MATERIAL PROVIDED =>
*** Block opens ***

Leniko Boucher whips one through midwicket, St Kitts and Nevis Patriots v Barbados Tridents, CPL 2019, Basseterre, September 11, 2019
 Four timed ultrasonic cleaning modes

*** Block closes ***
*** Block opens ***

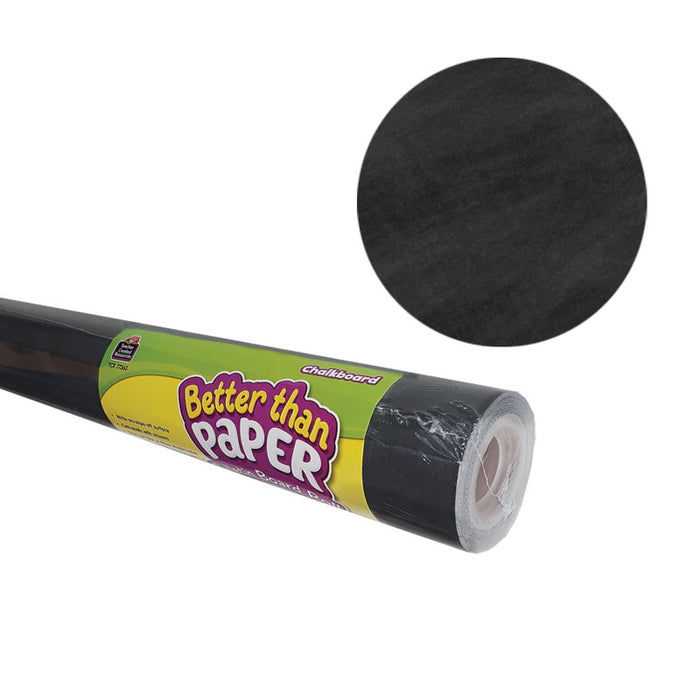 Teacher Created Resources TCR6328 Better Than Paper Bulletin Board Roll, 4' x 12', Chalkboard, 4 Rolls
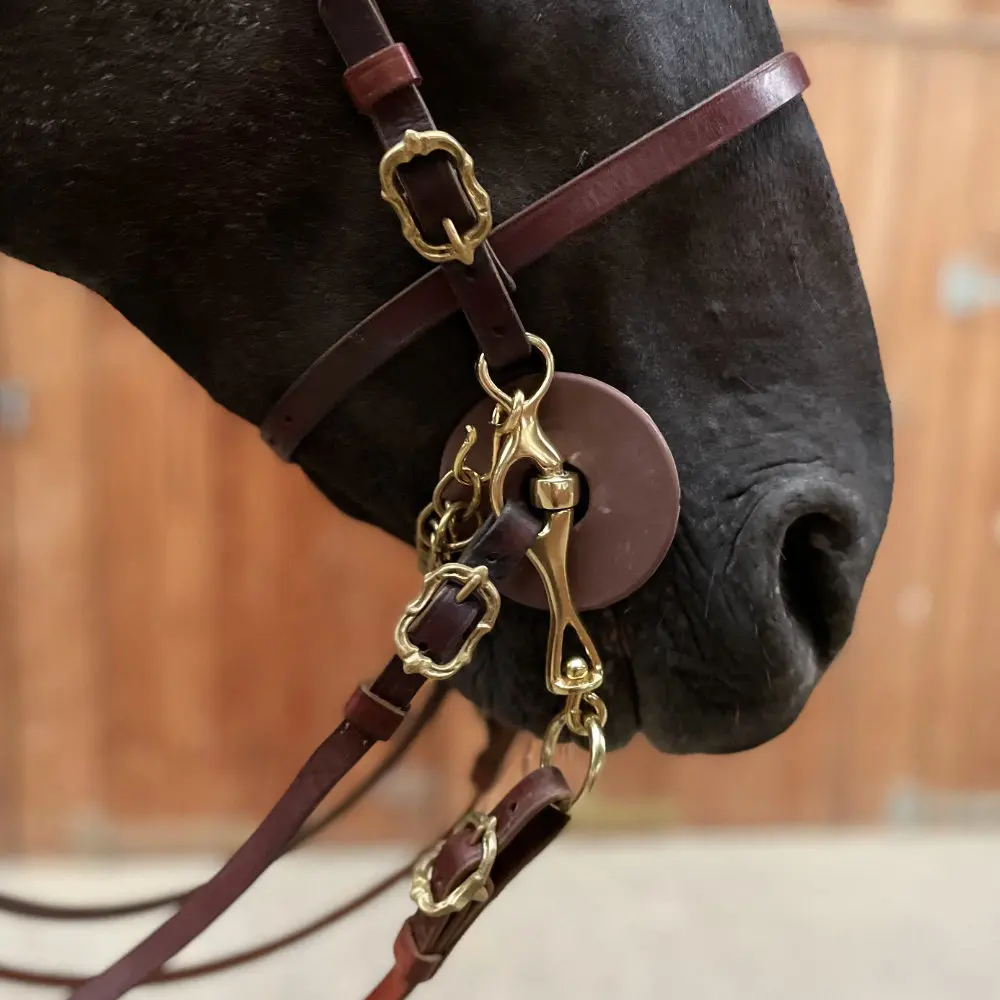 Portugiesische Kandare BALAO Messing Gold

*** Block closes ***

WHAT IS EXPECTED => Look above for the line with "Teacher Created Resources" and the line with "Portugiesische Kandare BALAO Messing Gold", then restate exactly those two lines and all lines between them, with no pictures.

OUTPUT OF THE EXERCISE =>
 Teacher Created Resources TCR6328 Better Than Paper Bulletin Board Roll, 4' x 12', Chalkboard, 4 Rolls
 Portugiesische Kandare BALAO Messing Gold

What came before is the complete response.